Wie kann man sich vor dem Materialismus, dem Einfluß von Dämonen und der Ausnutzung durch die falsche Religion schützen? Die Antwort darauf gab der fesselnde Vortrag „Behütet durch den Glauben und die Hoffnung, die auf Jehova gerichtet sind“. Im Anschluß an diesen Kongreßvortrag wurde das neue 192 Seiten starke Buch Ist mit dem jetzigen Leben alles vorbei? freigegeben. Es kritisiert scharf Babylon die Große, das Weltreich der falschen Religion, und gibt den Lesern gleichzeitig vernünftige Gründe für den Glauben, daß mit dem jetzigen Leben längst nicht alles vorbei ist. Dieses Buch stärkt den Glauben an Jehovas Verheißung, eine gerechte neue Ordnung zu schaffen, in der die Menschen ewig leben werden, und an die erhabene Auferstehungshoffnung.

Die gesalbten Nachfolger Jesu Christi und auch ihre Gefährten, die eine irdische Hoffnung hegen, möchten gern Gottes Vorsatz dienen. Sie wissen, daß er nicht scheitern wird, und diese Überzeugung kommt in dem Titel und dem Inhalt einer weiteren Kongreßfreigabe zum Ausdruck — in dem Buch Gottes „ewiger Vorsatz“ jetzt zum Wohl des Menschen glorreich verwirklicht. Wir haben wirklich allen Grund, unser Vertrauen auf Gottes Vorsatz zu setzen. Diese Gründe wurden besonders beim Höhepunkt des Kongresses hervorgehoben, als der öffentliche Vortrag mit dem Thema „Menschenpläne scheitern — Gottes Vorsatz gelingt“ gehalten wurde. Dieser und anderer wichtiger Aufschluß begeisterte die 891 819 Personen, die die 69 Bezirkskongresse „Gottes Vorsatz“ in den Vereinigten Staaten besuchten.

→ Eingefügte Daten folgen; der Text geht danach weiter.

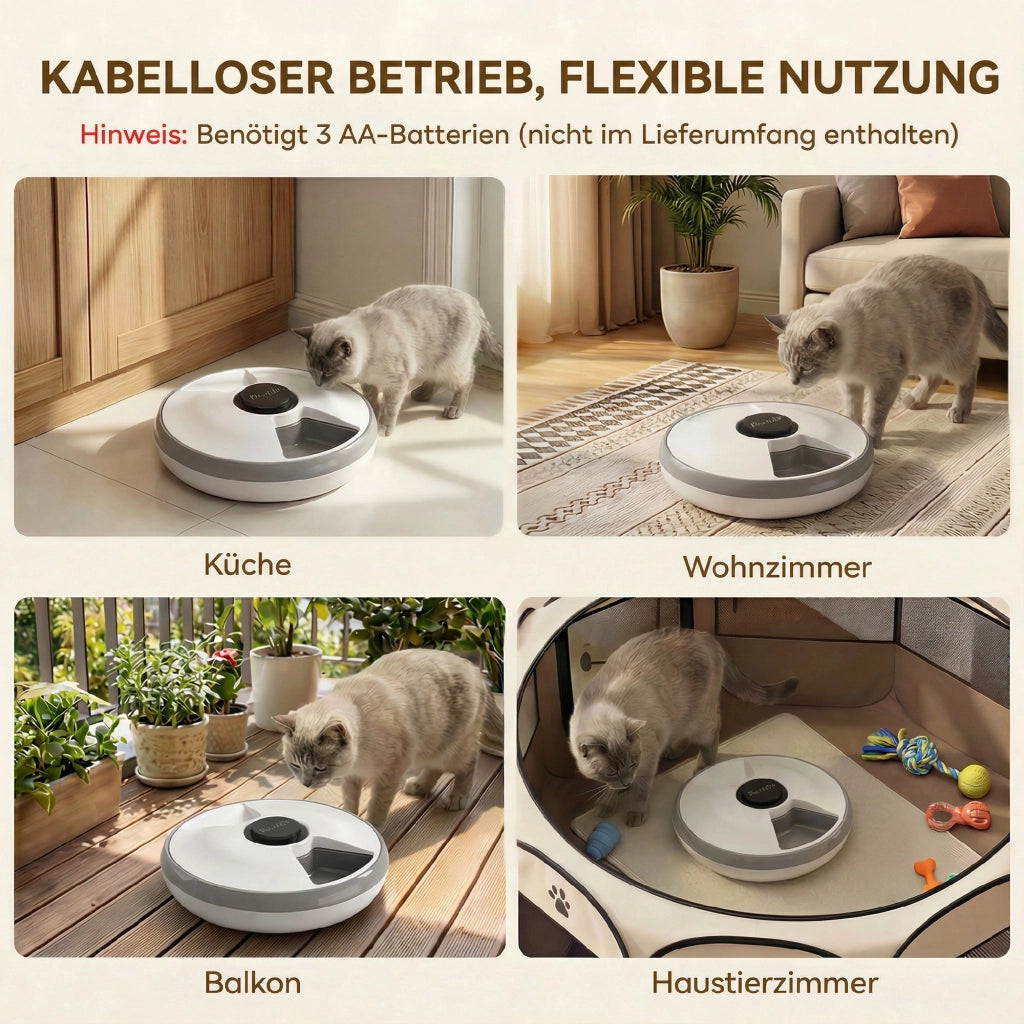 Distributore Automatico di Cibo per Animali ¨C Xylo ¨C Wireless con Timer 6 Pasti, Display LED, Grigio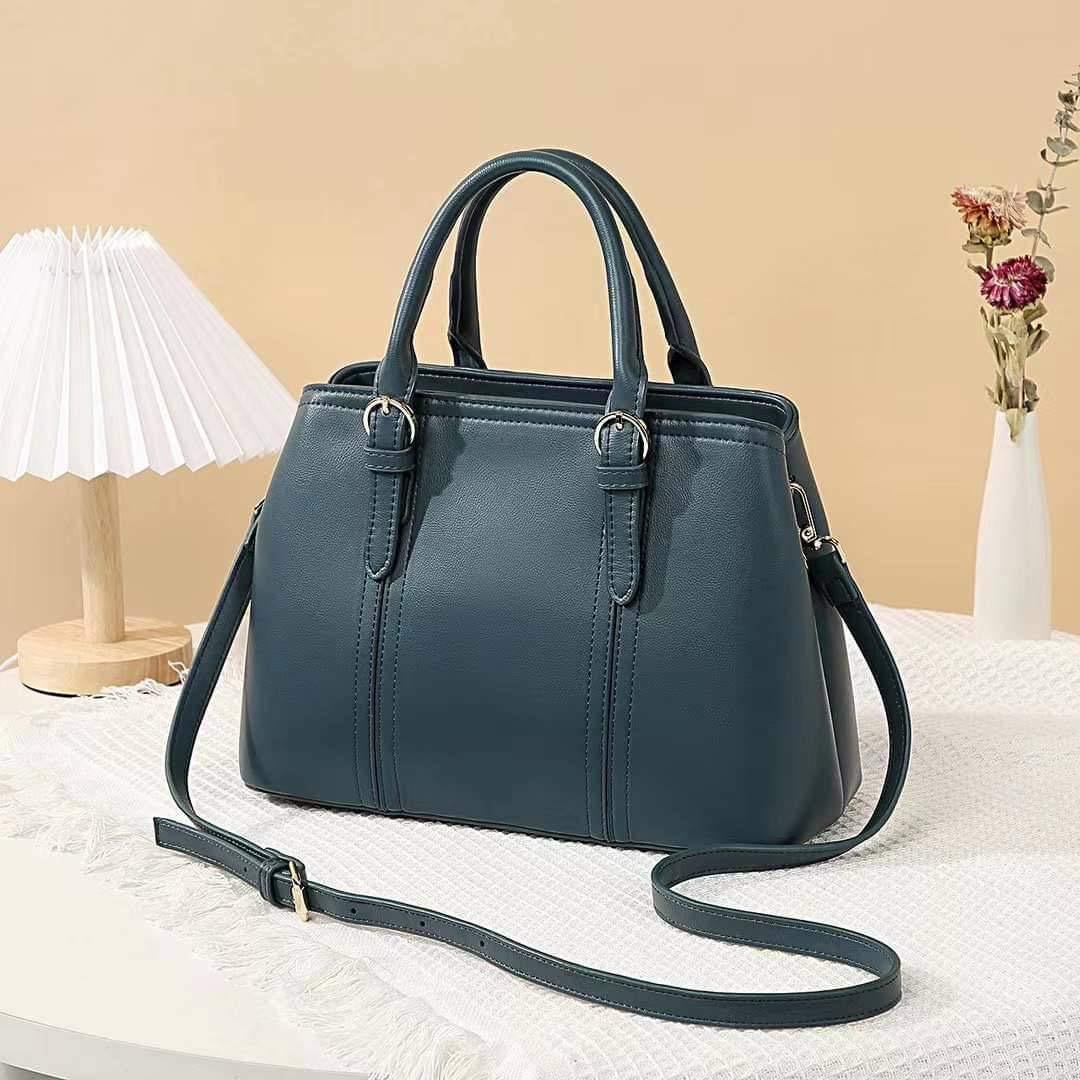 navy blue leather tote bag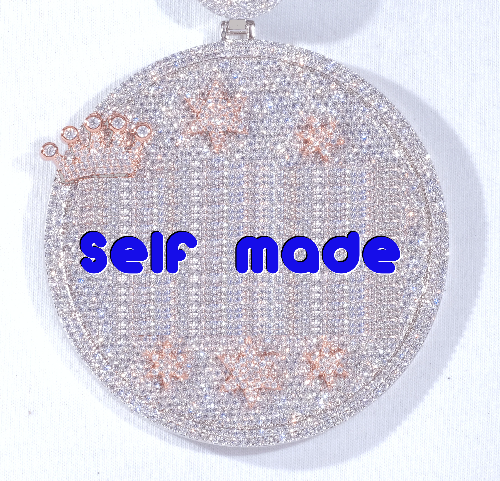 CUSTOM LETTER NECKLACE 3D BIG CROWN DISC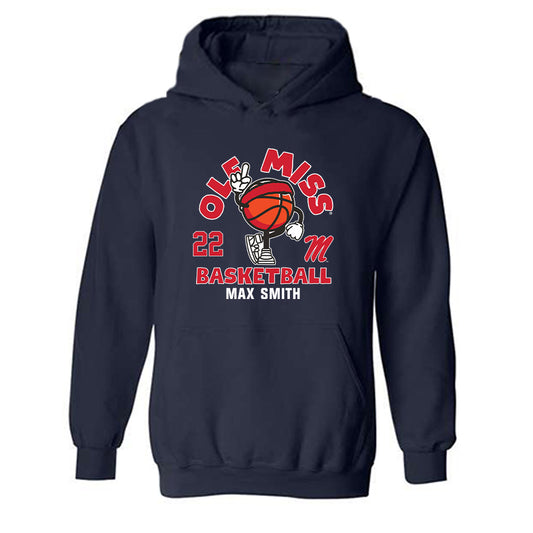 Ole Miss - NCAA Men's Basketball : Max Smith - Fashion Shersey Hooded Sweatshirt-0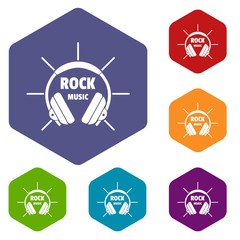 Obraz premium Modern rock music icons vector colorful hexahedron set collection isolated on white 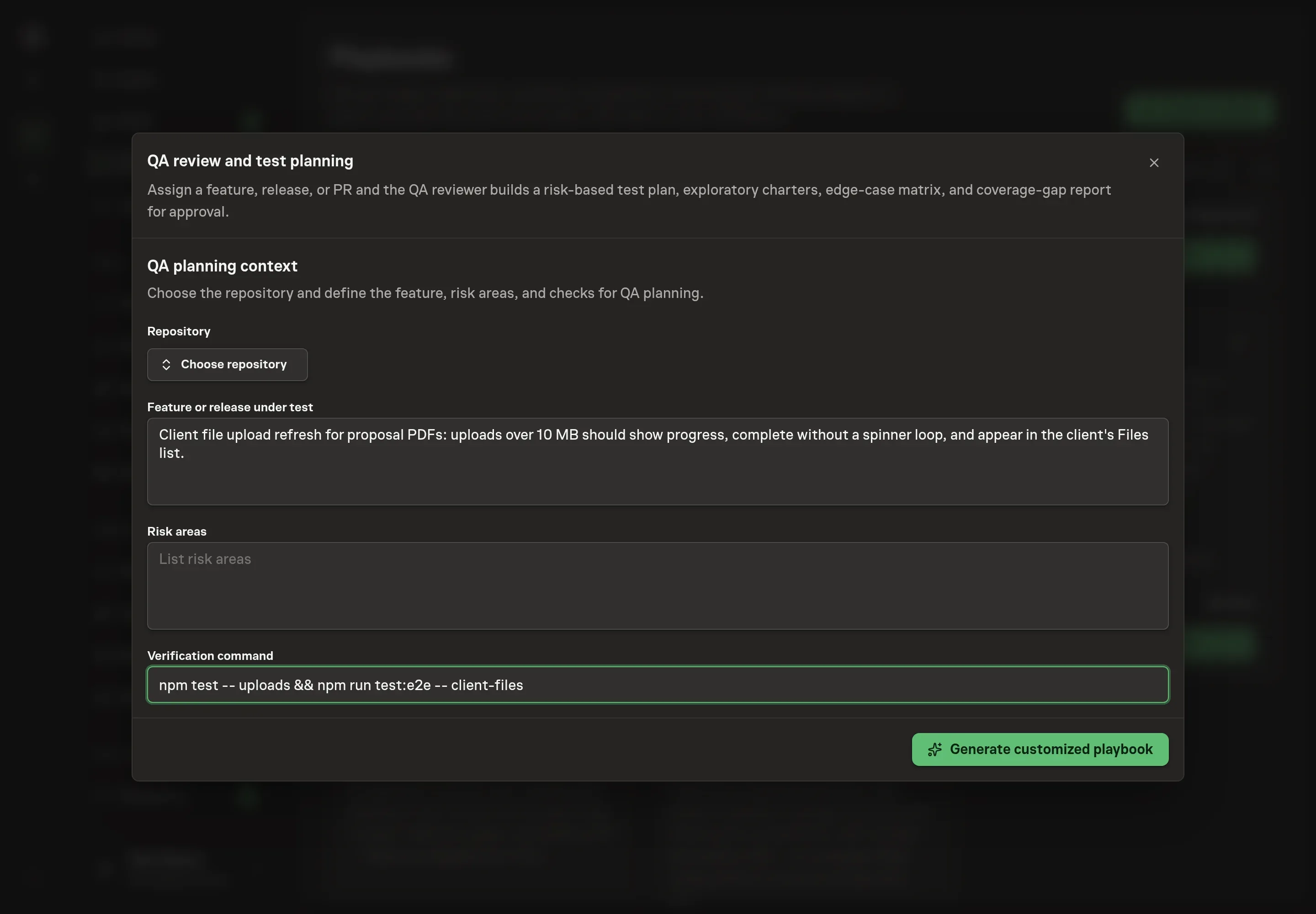 The setup form filled in with a repository, a client-portal file upload feature, risk areas, and an npm verification command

Jehovas Zeugen in den Vereinigten Staaten und anderswo wissen, daß sich die Menschen weiterhin bemühen werden, die wankende Welt zu stabilisieren. Doch ganz gleich, wie grandios die Pläne der Menschen auch erscheinen mögen und wie lautstark versichert wird, daß sie gelingen werden, so weiß doch Jehovas Volk, daß nur Gottes Vorsatz glorreich verwirklicht werden wird, und es dankt ihm für das großartige Vorrecht, sein Wort und sein Königreich verkündigen zu dürfen.

Treffend prophezeite Jesaja, daß „im Schlußteil der Tage“ der Berg des Hauses Jehovas über dem Gipfel der Berge fest gegründet sein würde und daß viele Völker zu ihm strömen würden (Jes. 2:2-4). Wir leben jetzt im „Schlußteil der Tage“. Die Tatsache, daß sich immer größere Scharen der „großen Volksmenge“ anschließen, sollte uns vor Augen führen, wie dringlich die Zeit ist. Heute ist es für Jehovas Diener nicht angebracht, selbstgefällig, gleichgültig oder untätig zu werden. Sie haben ein Werk zu tun.

Denke daran, wo wir uns im Strom der Zeit befinden! Die Wichtigkeit dieser Tatsache wurde uns im Jahre 1966 eindringlich eingeprägt. Gottes Volk erhielt damals das fesselnde Buch Ewiges Leben — in der Freiheit der Söhne Gottes. Es dauerte bei den meisten nicht lange, bis sie darin eine Zeittafel entdeckten, in der das Jahr 1975 als das „Ende des sechsten 1 000-Jahr-Tages der Existenz des Menschen (im Frühherbst)“ angegeben wurde.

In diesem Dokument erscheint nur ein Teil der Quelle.